Making Objects Serializable

Now lets take a quick look at the Animal class:

// C#
[Serializable]
public abstract class Animal
{
    public virtual string Name { get; set; }
    public virtual int Arrived { get; set; }

    public abstract int SpaceRequired { get; }
}
' Visual Basic
<Serializable()>
Public MustInherit Class Animal

    Public Property Name As String
    Public Property Arrived As Integer

    Public MustOverride ReadOnly Property SpaceRequired As Integer

End Class

Notice how the class has been decorated with a Serializable attribute? This is how we mark a class as being binary serializable (and SOAP serializable too. XML serialization uses to totally different mechanism). It is important to note however, that for an object to be fully serializable, not only must it be decorated with Serializable attribute, but the types of all of its members must too be either serializable or explicitly marked as non-serialized (we will look at an example of this later). If not, then an exception will be thrown at run-time. In the above example, all the members are of primitive types which are always serializable.

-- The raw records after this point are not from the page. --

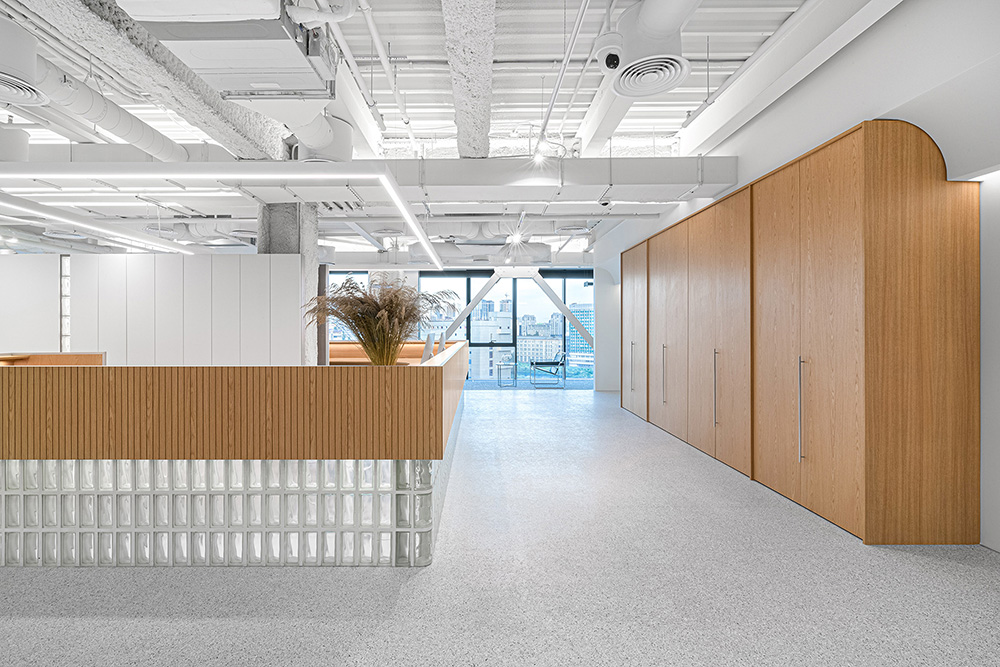 自由畅想云科技公司SQUAD基辅总部大楼设计欣赏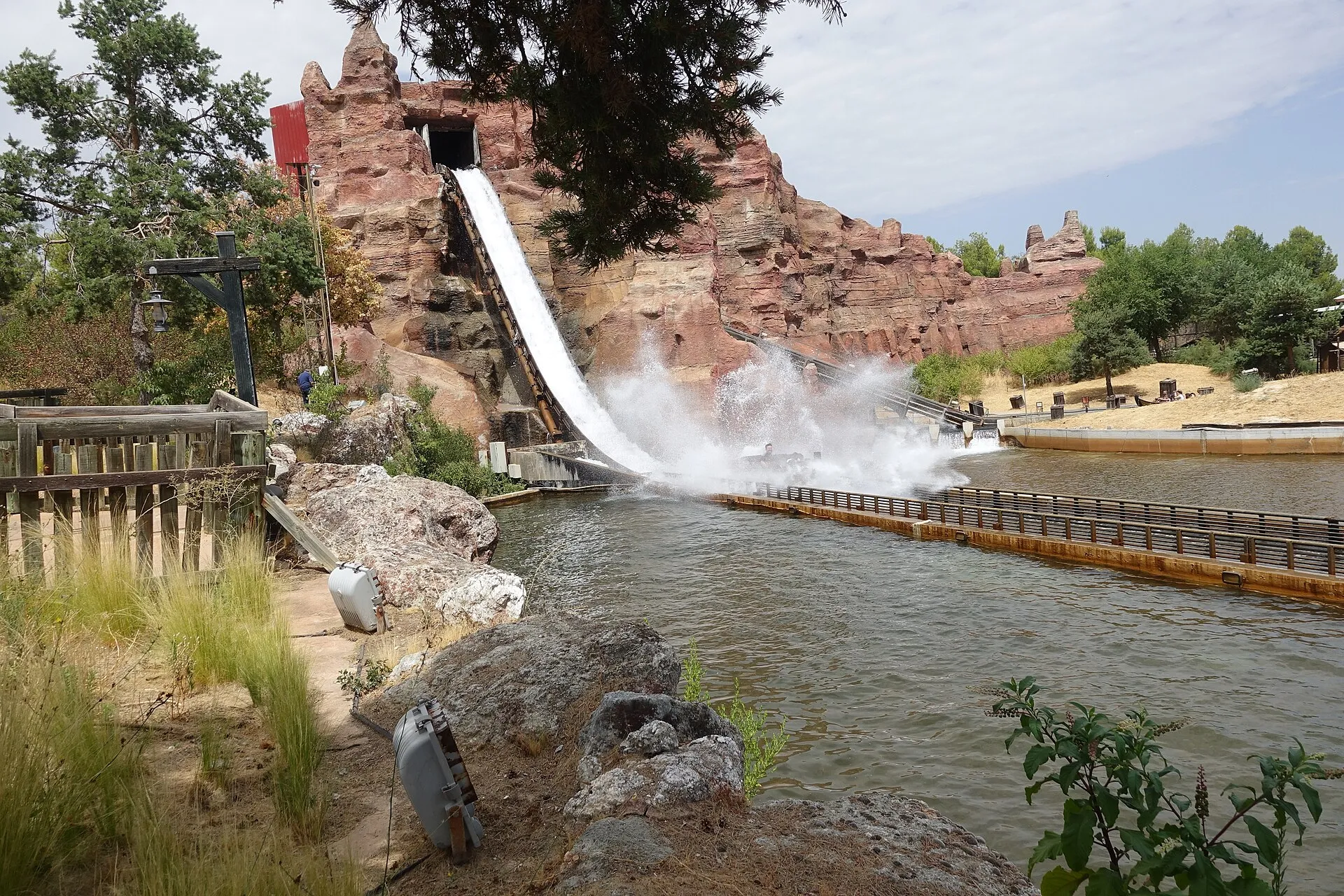 Splashdown of the Rio Bravo water ride between red canyon rocks at Parque Warner Madrid
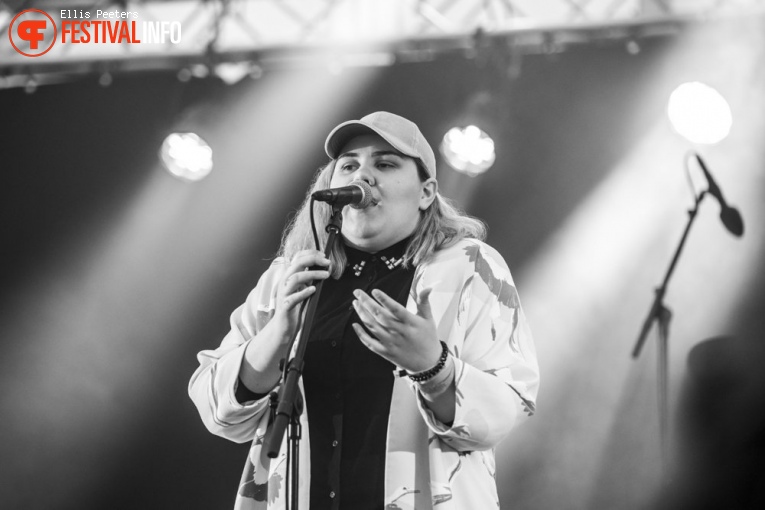 Emilie Sofie op Træna festival 2017 foto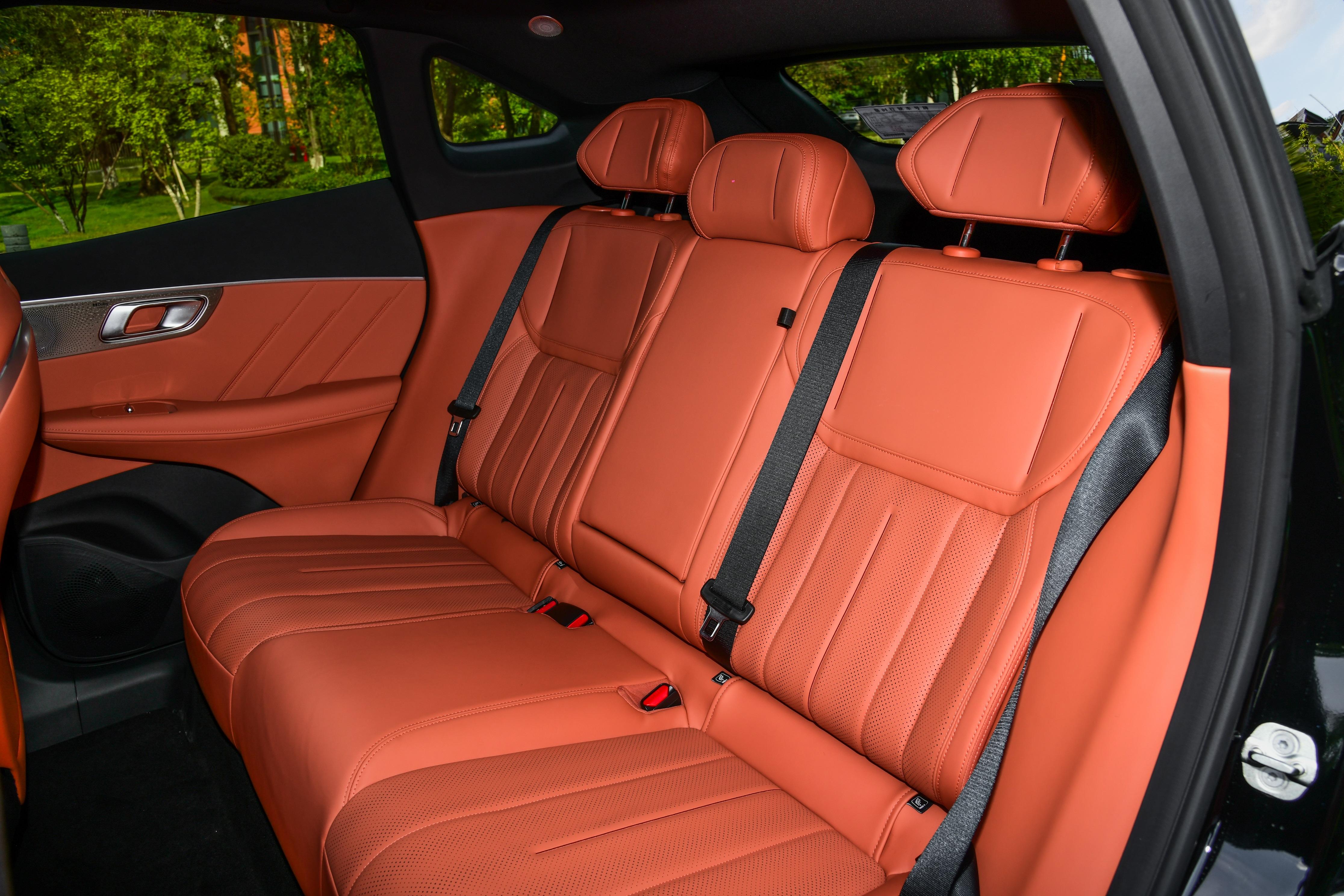 入门即高配！标配FSD悬架，2026款深蓝S07到底香不香？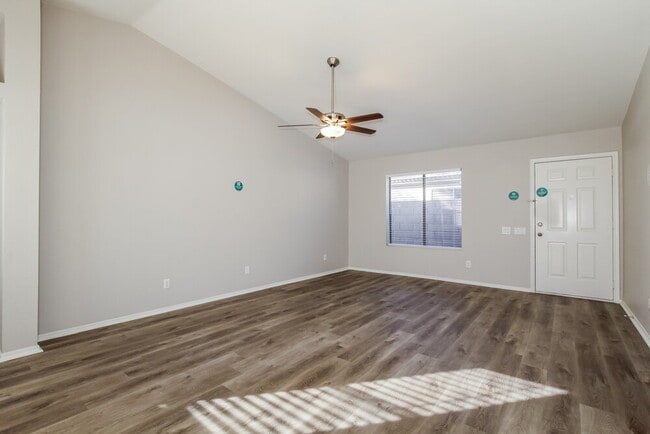 Foto del edificio - 20212 N 34th Pl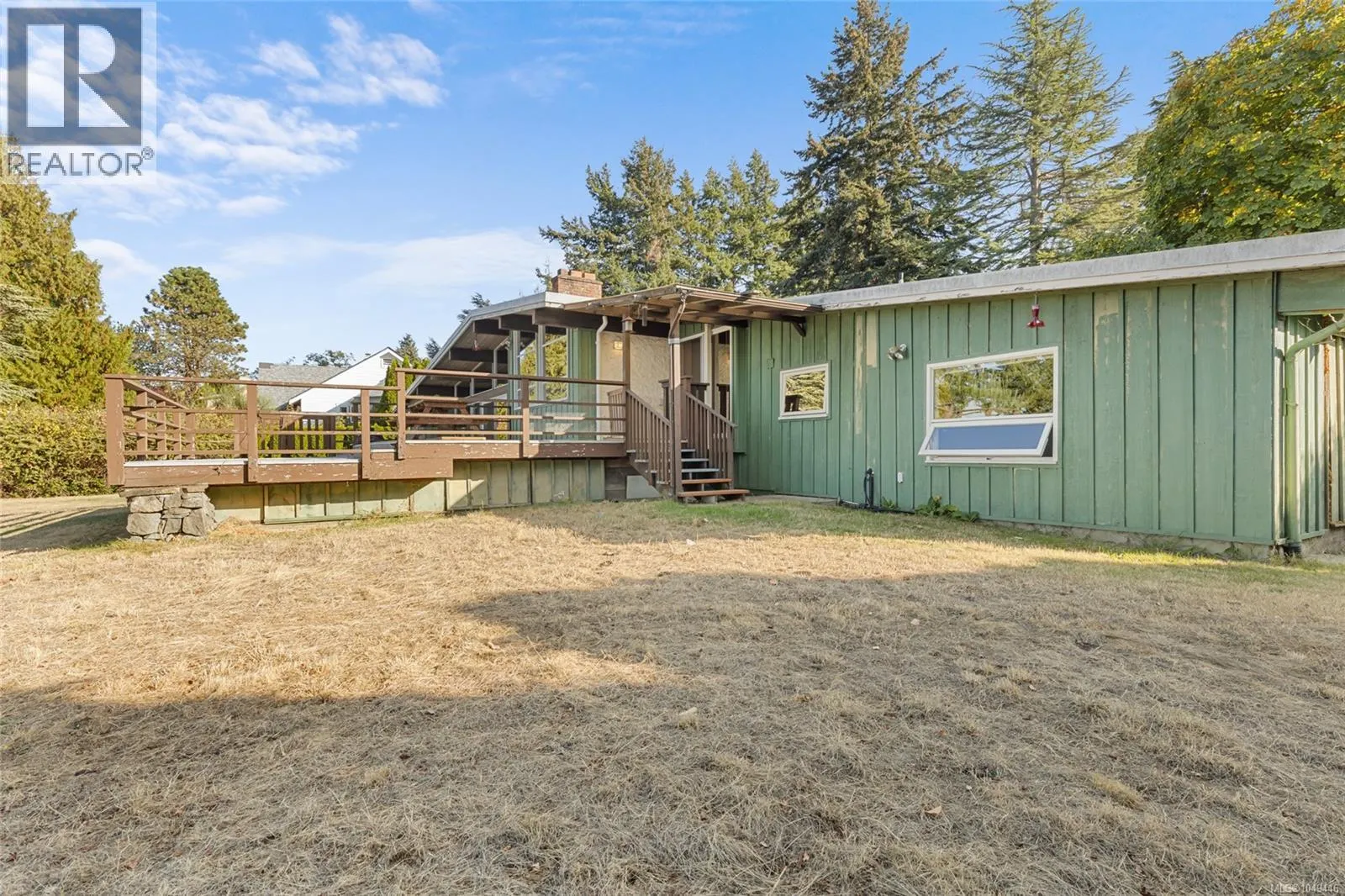 4598 Torquay Dr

Now you could quite easily assume that if a base class is marked as serializable, any sub-classes would therefore also be serializable. This however is not the case, as the Serializable attribute is not inheritable. Therefore any sub-classes of our abstract Animal class must therefore also be explicitly decorated with the Serializable, for example:

// C#
[Serializable]
public class Sheep : Animal
{
    public override int SpaceRequired
    {
        get { return 3; }
    }
}
' Visual Basic
<Serializable()>
Public Class Sheep
    Inherits Animal

    Public Overrides ReadOnly Property SpaceRequired As Integer
        Get
            Return 3
        End Get
    End Property
End Class

Also, don't think you can get away with just decorating your sub-classes with the Serializable attribute! All classes up the inheritance hierarchy must also be suitably decorated otherwise an exception will be thrown at run-time.

Now let's look at the Farmyard class. Firstly, the class definition:

// C#
[Serializable]
public class Farmyard
{
    private List<Animal> animals;
    
    public string Name { get; set; }
    public int Day { get; set; }
    public int Capacity { get; set; }
}
' Visual Basic
<Serializable()>
Public Class Farmyard

    Private animals As List(Of Animal)

    Public Property Name As String
    Public Property Day As Integer
    Public Property Capacity As Integer
End Class

As before, the class is decorated with the Serializable attribute. The properties Name, Day and Capacity are all primitive types and therefore can be serialized. If you look at the MSDN documentation, you will see that the List<T> class is serializable, providing that the type of T is also serializable. In this case it will be, as our Animal class has been decorated with the Serializable attribute.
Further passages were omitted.